Dear Amy: My father and I have always had a rocky relationsh­ip. He punched me, body slammed me and choked me when I was a teenager and living with my parents.

He’s been an alcoholic my whole life. He understand­s he has an addiction but will argue with anyone who confronts him about it.

I moved out soon after I turned 18 because I couldn’t stand living in the same house as him.

I am now 22, with a baby. I live with my fiance.

I usually spend time with my parents on Saturdays because I don’t work and want to get out of the house.

Last Saturday, my father and I got into an argument, and he ended up throwing my daughter’s stuff into the yard. He proceeded to curse me out.
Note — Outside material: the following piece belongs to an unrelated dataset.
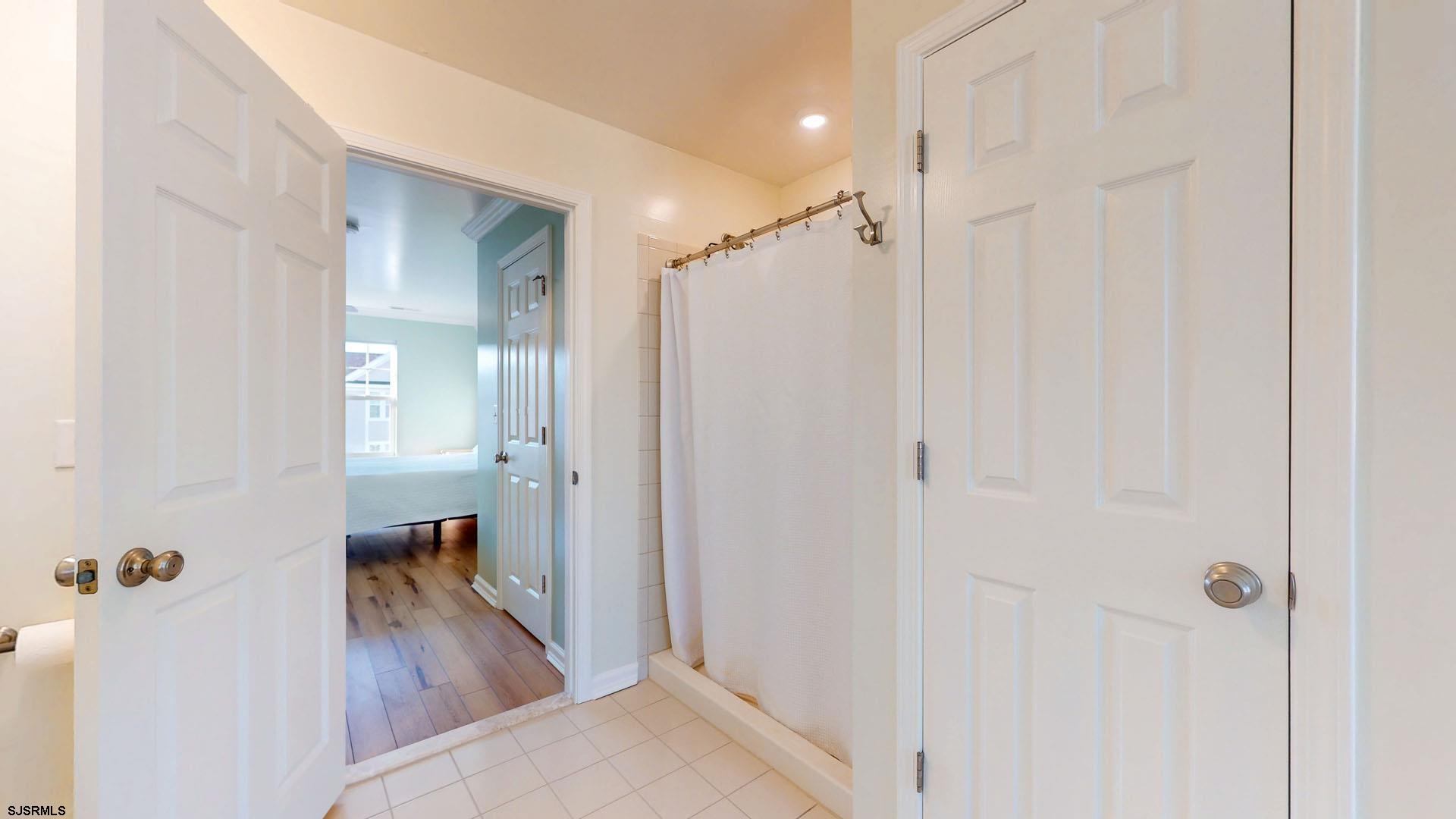 308 Sanderling Ln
He has told my mother to not have any contact with me and to not let me into their house.

My dad’s birthday will be coming up in a month, and I do not plan on joining my family for the party. They pressure me to make amends.

Is it wrong of me to distance myself from my family because of something like this? Is it understand­able that, until my dad gets help for his alcohol addiction, I do not want to be around him? — The Black Sheep

Dear Black Sheep: You can give your daughter a better childhood than you were granted. Your instincts are great, and I urge you to marshal your strength and resolve to stay away from your family, at least for now.

Rather than spend time with your volatile and violent father, here are some things you can do on Saturday mornings:

Pack your coffee and meet a friend at the park to push your babies in bucket swings; go to your local YWCA or community center for baby swim or gym classes; head to the public library for Saturday story time.

Saturday mornings can be lonely for full-time parents. Engaging in group activities designed for parents and babies are a great way to meet and make friends. This could change your life dramatical­ly.

Here’s one more thing for you to do: Attend Al-anon (or another addiction support group) meetings (al-anon.org). You need help to see where you fit in your family system.

Let people who have walked your path, walk alongside you and your daughter. I'm pulling for you.